4 de março de 2014

America's universities: where you're all too likely to be sexually assaulted


 Sofie Karasek


How many more victims have to speak out before US universities and the federal government take meaningful action?
Last Wednesday, 31 students filed two federal complaints against the University of California, Berkeley for failing to prevent, investigate, or discipline assailants in cases of sexual violence and harassment. I was one of the students. While our individual stories are unique, our experiences of sexual assault are all too common at universities across the United States.
My second semester at Berkeley, I was sexually assaulted on an off-campus trip with a student organization. I had never been involved in the group before that weekend in February 2012, whereas, my assailant was a leader in the group and older than me.
After it happened to me, I quickly learned from another leader in the organization that I wasn't the first person he had assaulted. She pressured him into resigning from his position in the group, which we hoped would temporarily deter him from assaulting anyone again. But I was still afraid that he would do it again because of his past history, so she consulted the Gender Equity Resource Center (GenEq), a supposed resource on our campus, for help.
To my surprise, GenEq, which is often a positive and inclusive space for many students, advised her against removing him from the organization. The Center advised that we should  "keep him close in case he does it again" so that he would "have a community of friends to support him in processing it". To me, this sounded bizarre: why should his healing process take precedent over the possibility that he could assault me again, or assault another person?
Not even a month after that conversation, I learned that he allegedly did assault another person.
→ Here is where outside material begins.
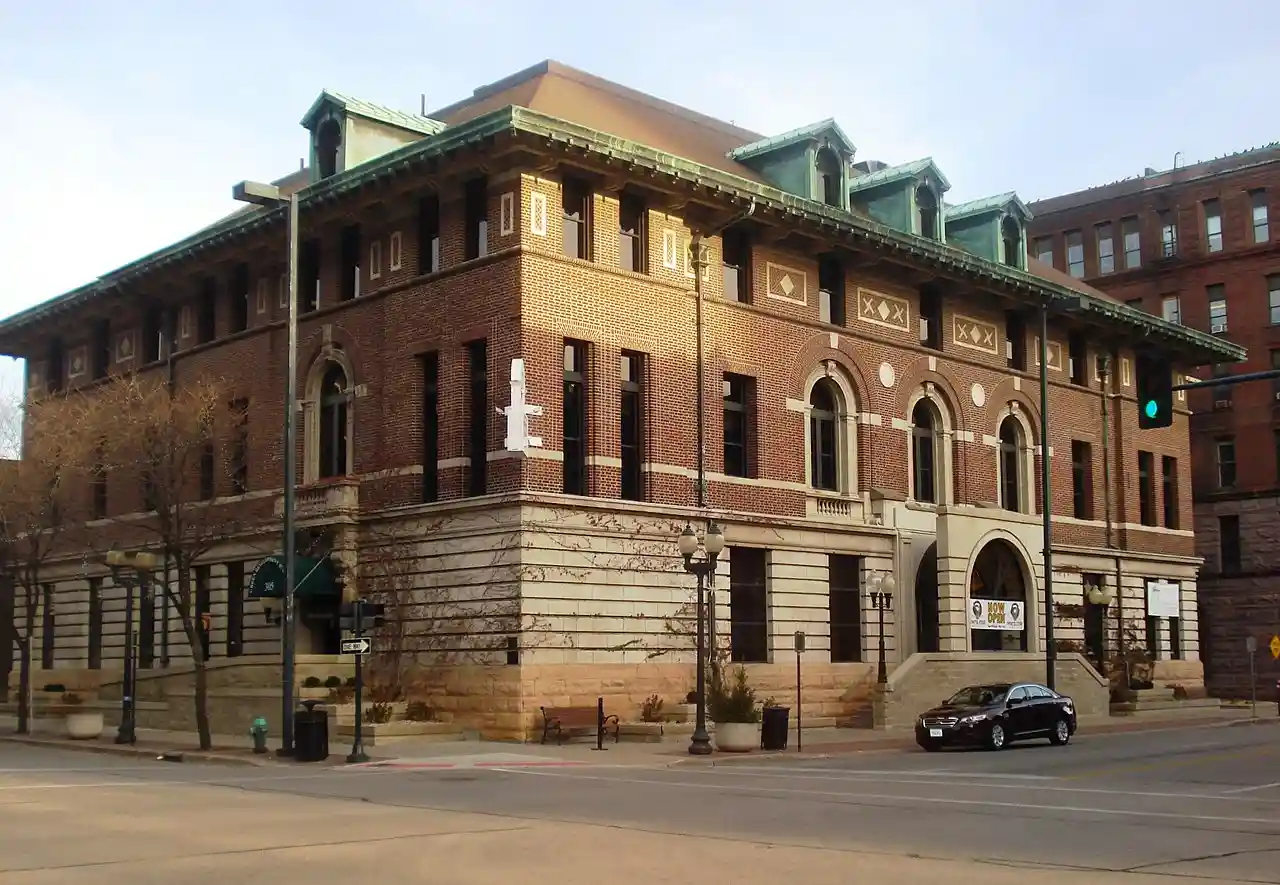Cedar Rapids Post Officeand Public Building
At that point, I was connected to three others who had all said they have been assaulted by him as well, and we turned to the university to officially report our assailant together.
No one ever confirmed having read my statement, and no one ever contacted me to take part in an investigation. After seven months went by with no response, I inquired into my case when I suddenly learned through a friend that he was going to graduate early. After multiple attempts to contact administrators, I was told that my case had "been resolved through an early resolution process" and that he had been found in violation of Berkeley policies, without specifying whether any disciplinary action had been taken against him. Shortly thereafter, he graduated.
It wasn't until a year and a half after my assault that I learned of the sanctions. According to Berkeley, he was put on "disciplinary probation" and had "engaged in counseling measures". They also said that: "any further misconduct during that probationary period could have resulted in further disciplinary action". How many survivors does it take for a serial perpetrator to be punished?
Like many victims, I felt I was alone at first, but I realized my experience of assault and then disappointing treatment from my university was all too commonplace, including at some of America's top institutions of higher learning.
In April of last year, I read about students connecting nationwide through social media to hold their universities accountable. I finally felt that I had agency in this process, and wanted to immediately prevent Berkeley from treating others as horribly as we were treated.
A month later, eight students and I filed a federal Clery Act complaint against Berkeley, hoping that the government could help us when our university would not. It's now been almost a year, and after multiple failed attempts to reach the Department of Education about our case, we have now filed yet another Clery Act complaint, in addition to a Title IX complaint with the Office for Civil Rights. Our complaint has grown from nine to 31 cases.
It is unacceptable that as we wait for the federal government to respond, more students are being sexually assaulted and continue to have their cases dismissed, mishandled, and ignored if they choose to report them. Several students had problems with the administrative process even after the first complaint and even after the state of California began auditing our school's handling of sexual violence.
While the intentions of the Department of Education and UC Berkeley may be different, the impact of their seemingly deliberate indifference to sexual violence is the same. Neither the Department of Education nor UC Berkeley have made the efforts necessary to address the pervasive culture of sexual violence on campus. Title IX is hardly enforced, and Clery Act violations cost $35,000 each – chump change to many universities who have endowments numbering in the millions or even billions of dollars.
This is not only disappointing, it is also dangerous for the students who attend college and is representative of a larger problem: our federal government is not adequately enforcing its own laws.
But the real cost of federal law violations cannot be measured in dollars. At Berkeley alone, survivors have been forced to drop out of classes, finish degrees sooner, switch housing arrangements, or else risk being assaulted again or terrorized by their assailants. Many students do not feel safe.
Sexual assault is an epidemic across college campuses; you are more likely to be sexually assaulted if you attend university than if you do not. And too often, the subsequent betrayal from the university is even worse than the assault itself. As one survivor stated: "If I knew what I know now, I wouldn't have reported my case ... I would have rather taken this secret to my grave than to have told anyone at Berkeley."
How many survivors have to speak before someone starts to listen?